From Chief Justice Steven Gonzalez's majority opinion in State v. Grocery Manufacturers Ass'n:
Voters have a right to know who funds their elections. To enforce that right, candidates and political committees are required to disclose their contributors or face a penalty for failing to do so. We are asked today whether the penalty for intentionally concealing the source of political contributions may be based on the amount concealed. We conclude that it may and accordingly affirm….
In the wake of the [California] Proposition 37 campaign, Washington sponsors filed Initiative 522. Like Proposition 37, this initiative would have required GMO labels on packaged food and like Proposition 37, GMA opposed it. GMA developed a campaign strategy to work against the initiative while shielding its member companies from the sort of negative public response that happened in California. As part of that campaign strategy, GMA created a segregated "Defense of Brands" strategic account that would hold and disburse contributions raised to oppose labeling requirements.
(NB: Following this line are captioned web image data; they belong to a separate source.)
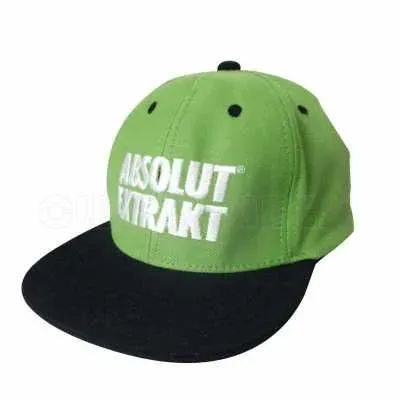 Boné Aba reta em Brim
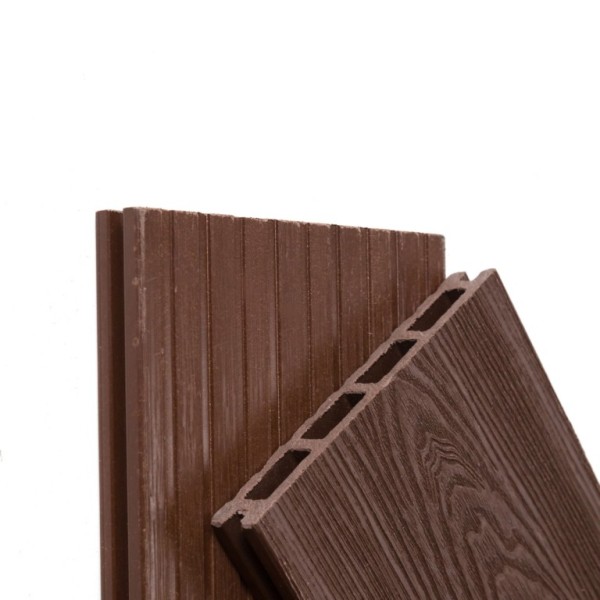 Террасная доска из ДПК ECODECKING Комфорт 3D Шоколад купить в Дзержинске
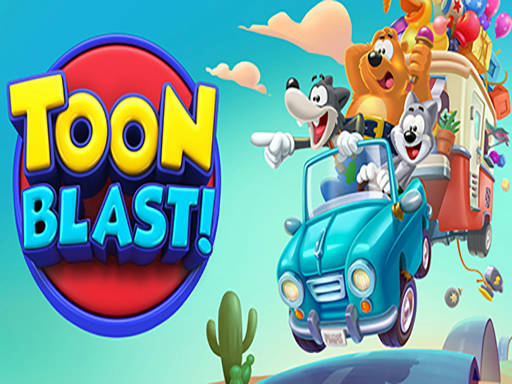 Play Toon Blast : The Block Game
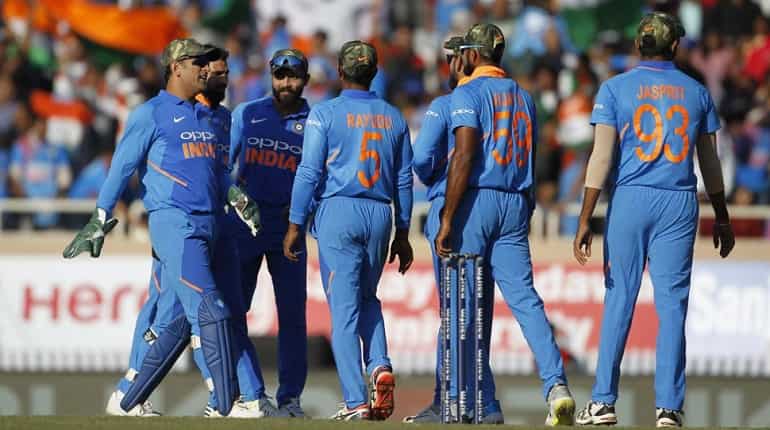 India was given permission to wear camouflage caps in memory of fallen soldiers: ICC India was given permission to wear camouflage caps in memory of fallen soldiers: ICC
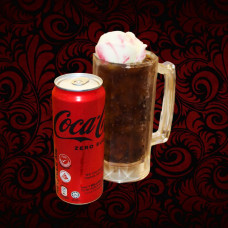 COCA COLA (ZERO) FLOAT COCA COLA (ZERO) FLOAT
GMA staffers explained that "'state GMO related spending will be identified as coming from GMA which will provide anonymity and eliminate state filing requirements for contributing members.'" Nothing in the record or briefing suggests GMA brought a declaratory judgment action under chapter 7.24 RCW to determine whether and how the FCPA would apply to its campaign work.
GMA raised more than $14 million to oppose GMO labeling efforts. GMA in turn contributed $11 million to the "No on 522" campaign from the Defense of Brands strategic account. Despite its political activities in Washington, GMA did not register as a political committee with the Public Disclosure Commission (PDC) and did not make any PDC reports until after this lawsuit was filed. In response to the suit, GMA registered "under duress" but, as of the time of trial, still had not filed all of the required reports….
[T]he trial court found that GMA had intentionally violated Washington's campaign finance laws. It found that GMA and its board intended to use the Defense of Brands account "to shield the contributions made from GMA members from public scrutiny" and to "eliminate the requirement and need to publicly disclose GMA members' contributions on state campaign finance disclosure reports." It also concluded that GMA concealed the amount and source of contributions, registered 224 days late, and did not properly or timely file at least 47 reports. The trial court specifically rejected testimony from GMA officers that they had not intended to violate the law, finding "it is not credible that GMA executives believed that shielding GMA's members as the true source of contributions to GMA's Defense of Brands Account was legal."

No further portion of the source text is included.